Despite its flagship status within the Golf range and a base price north of £42k, the latest R is rather underspecified when it comes to standard kit. That Performance Pack costs an extra £2050 and you’ll still need to find an extra £850 for the critical adaptive dampers. Want a decent stereo? That’s an extra £665, and while a rear camera sounds reasonable at £320, it should absolutely be standard for this price.
There are expensive indulgences like the £3500 Akrapovič exhaust or £1060 panoramic roof, but the £2610 for leather upholstery is a lot for what essentially comes as standard on almost all rivals. The crux of the long options list is that to reach the point where a Golf R feels well-specced you’ll be knocking on the door of £50k…
The Golf R 20 Years costs from £48,250 and bundles in most of the desirable options including 19-inch wheels and leather upholstery, but the DCC dampers are still an additional extra.
The R’s strongest competitor in its little grouping is the recently updated Mercedes-AMG A35, a car closely modelled on the VW. Both offer digital cockpits, 300-or-so bhp and four-wheel drive, and while the A35 is fractionally more expensive at £45,930, it drives with more polish and composure.

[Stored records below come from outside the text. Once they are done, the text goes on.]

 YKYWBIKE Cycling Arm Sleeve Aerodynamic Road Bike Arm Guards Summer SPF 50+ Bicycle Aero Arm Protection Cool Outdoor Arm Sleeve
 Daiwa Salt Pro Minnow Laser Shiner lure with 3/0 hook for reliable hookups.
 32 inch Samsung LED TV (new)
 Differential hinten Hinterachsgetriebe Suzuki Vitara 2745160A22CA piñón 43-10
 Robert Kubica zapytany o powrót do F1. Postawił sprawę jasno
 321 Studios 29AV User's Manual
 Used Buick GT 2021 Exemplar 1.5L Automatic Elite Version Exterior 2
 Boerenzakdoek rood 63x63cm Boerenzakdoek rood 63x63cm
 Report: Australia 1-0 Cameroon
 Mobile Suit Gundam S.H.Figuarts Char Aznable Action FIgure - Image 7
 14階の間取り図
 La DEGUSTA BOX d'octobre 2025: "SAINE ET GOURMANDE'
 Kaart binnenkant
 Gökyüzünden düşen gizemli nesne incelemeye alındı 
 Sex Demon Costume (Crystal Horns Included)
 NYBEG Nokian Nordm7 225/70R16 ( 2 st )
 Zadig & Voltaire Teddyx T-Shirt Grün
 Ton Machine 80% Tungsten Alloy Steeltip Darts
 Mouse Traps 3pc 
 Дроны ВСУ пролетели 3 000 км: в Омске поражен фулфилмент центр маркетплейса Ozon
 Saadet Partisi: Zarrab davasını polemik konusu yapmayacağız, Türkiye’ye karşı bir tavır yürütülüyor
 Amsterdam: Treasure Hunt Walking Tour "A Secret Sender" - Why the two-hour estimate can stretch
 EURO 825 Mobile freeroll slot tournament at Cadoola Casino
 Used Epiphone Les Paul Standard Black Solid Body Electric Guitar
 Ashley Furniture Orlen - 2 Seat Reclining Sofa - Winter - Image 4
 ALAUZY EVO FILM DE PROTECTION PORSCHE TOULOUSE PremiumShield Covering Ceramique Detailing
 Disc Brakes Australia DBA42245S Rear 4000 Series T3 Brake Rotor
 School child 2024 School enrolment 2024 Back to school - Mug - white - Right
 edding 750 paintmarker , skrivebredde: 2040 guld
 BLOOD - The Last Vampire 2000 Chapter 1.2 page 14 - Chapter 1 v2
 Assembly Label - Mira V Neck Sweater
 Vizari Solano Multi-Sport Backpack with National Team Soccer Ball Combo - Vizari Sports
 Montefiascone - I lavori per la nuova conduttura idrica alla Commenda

Broaden your horizons into the wider hot hatch world and there are plenty of other choices, whether it’s the dynamism of the Toyota GR Yaris, the great all-rounder that is the Hyundai i30 N, the recently revised Renault Mégane RS or the mighty Honda Civic Type R. There’s a hot hatch for everyone, from the Fiesta ST to the Mercedes-AMG A45, with price, performance and driver appeal to suit.